There were many who were stunned that her audacious debut White Teeth did not win the Orange Prize for Fiction six years ago.

But at her third attempt, Zadie Smith, 30, won the £30,000 award with On Beauty at a ceremony in London last night, a triumphant victory in the most hotly contested year in the history of the prize for women novelists.

The bookies' favourite, whose acclaim has hitherto rarely translated into prize-winner's cheques, beat a shortlist including Ali Smith, Hilary Mantel and Sarah Waters.

But Zadie Smith emerged victorious only after a fierce debate lasting three-and-a-half hours among judges chaired by Martha Kearney, the broadcaster, and including Jenny Éclair, the comedian, and the writers Jacqueline Wilson and India Knight.

Ms Smith, who broke down in tears as she thanked family, her husband and publishers, said she hoped the Orange Prize organisers would not mind when she said her profound pleasure was not winning but reading all the short-listed books.

"I'm so stunned and principally because I've read everything on the shortlist and I know its quality is incredible," she said. "Every writer has aspects of style I genuinely covet."

Ms Kearney said: "Obviously there was disagreement [between the judges]. It was controversial, but the reason we ended up with Zadie was because there was a real passion about her.

"It's a book that you see a lot more in each time you look at it. It combines extraordinary characterisation with skilful and seemingly effortless plotting. It ranges from exposing the intimacies of family life to broader themes of aesthetics, ethics and vagaries of Academe in a literary tour de force."

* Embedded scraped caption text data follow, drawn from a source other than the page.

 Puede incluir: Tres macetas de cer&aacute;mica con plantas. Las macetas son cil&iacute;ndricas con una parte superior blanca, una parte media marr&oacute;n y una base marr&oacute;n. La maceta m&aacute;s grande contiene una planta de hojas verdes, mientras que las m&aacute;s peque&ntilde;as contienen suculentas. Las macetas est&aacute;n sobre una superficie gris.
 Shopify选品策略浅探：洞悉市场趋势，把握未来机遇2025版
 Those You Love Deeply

In terms of doling out prizes, several of the contenders could fairly argue that they had been previously overlooked. There certainly appeared to have been some resistance to Smith in some quarters, with hints of sexism against the sassy cerebral beauty.

But Ms Kearney said: "She's a real talent. Sometimes with other prizes, there may have been a reaction against her. But I think she does deserve to be recognised." However, at least three books were hotly debated - and even a fourth deemed eliminated "kept cropping up" - although the broadcaster declined to name names.

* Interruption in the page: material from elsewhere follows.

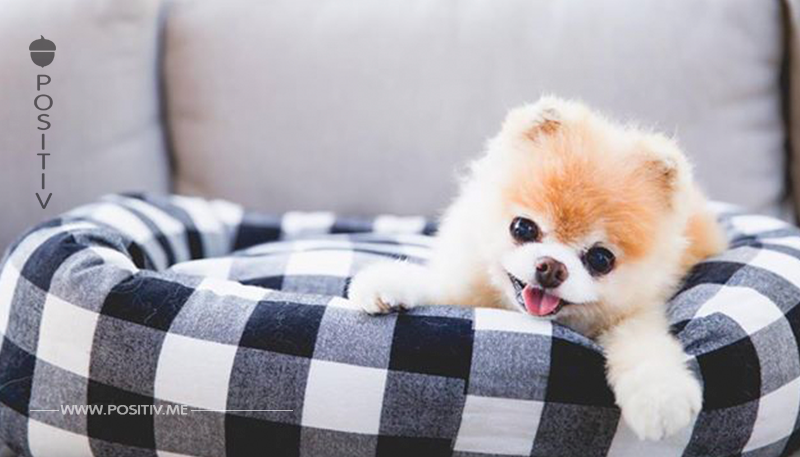 Online Sensation Boo, der  niedlichste Hund der Welt, stirbt an  gebrochenem Herzen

Booksellers united in praise of the victor. Simon Robertson, fiction buyer for Waterstone's, said he was thrilled to see Ms Smith receiving long-deserved recognition.

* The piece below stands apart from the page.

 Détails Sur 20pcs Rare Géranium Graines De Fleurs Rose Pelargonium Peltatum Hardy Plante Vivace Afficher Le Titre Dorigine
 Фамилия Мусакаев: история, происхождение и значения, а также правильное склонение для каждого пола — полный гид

Jonathan Ruppin, of Foyles, said it was "an immensely stylish and evocative novel which confirms Zadie Smith as one of our brightest literary stars.''

Smith was born in north-west London in 1975 to a Jamaican mother and an English father who divorced when she was a teenager.

While she was studying English at King's College, Cambridge - where she met her future husband, the writer Nick Laird - she published a few short stories and won the attention of a publisher. But thanks to the wise advice of another student with literary connections, she got an agent and signed a book deal for a rumoured £250,000.

When White Teeth was published in 2000, it won the Whitbread First Novel Award and the Commonwealth Writers' Prize yet failed to make the Booker Prize shortlist and was pipped to the Orange by Linda Grant's When I Lived in Modern Times. The Autograph Man, her second novel, received more mixed reviews but was again shortlisted for the Orange Prize.

Also on the shortlist were: The History of Love by Nicole Krauss; Beyond Black by Hilary Mantel; The Accidental by Ali Smith; Everyman's Rules for Scientific Living by the first-time novelist Carrie Tiffany, and The Night Watch by Sarah Waters.

An extract...

When it comes to weather, New Englanders are delusional. In his ten years on the East Coast Howard had lost count of the times some loon from Massachusetts had heard his accent, looked at him pitiably and said something like: Cold over there, huh? Howard's feeling was: look, let's get a few things straight here. England is not warmer than New England in July or August, that's true. Probably not in June either. But it is warmer in October, November, December, January, February, March, April and May - that is, in every month when warmth matters. In England letter-boxes do not jam with snow. Rarely does one see a squirrel tremble.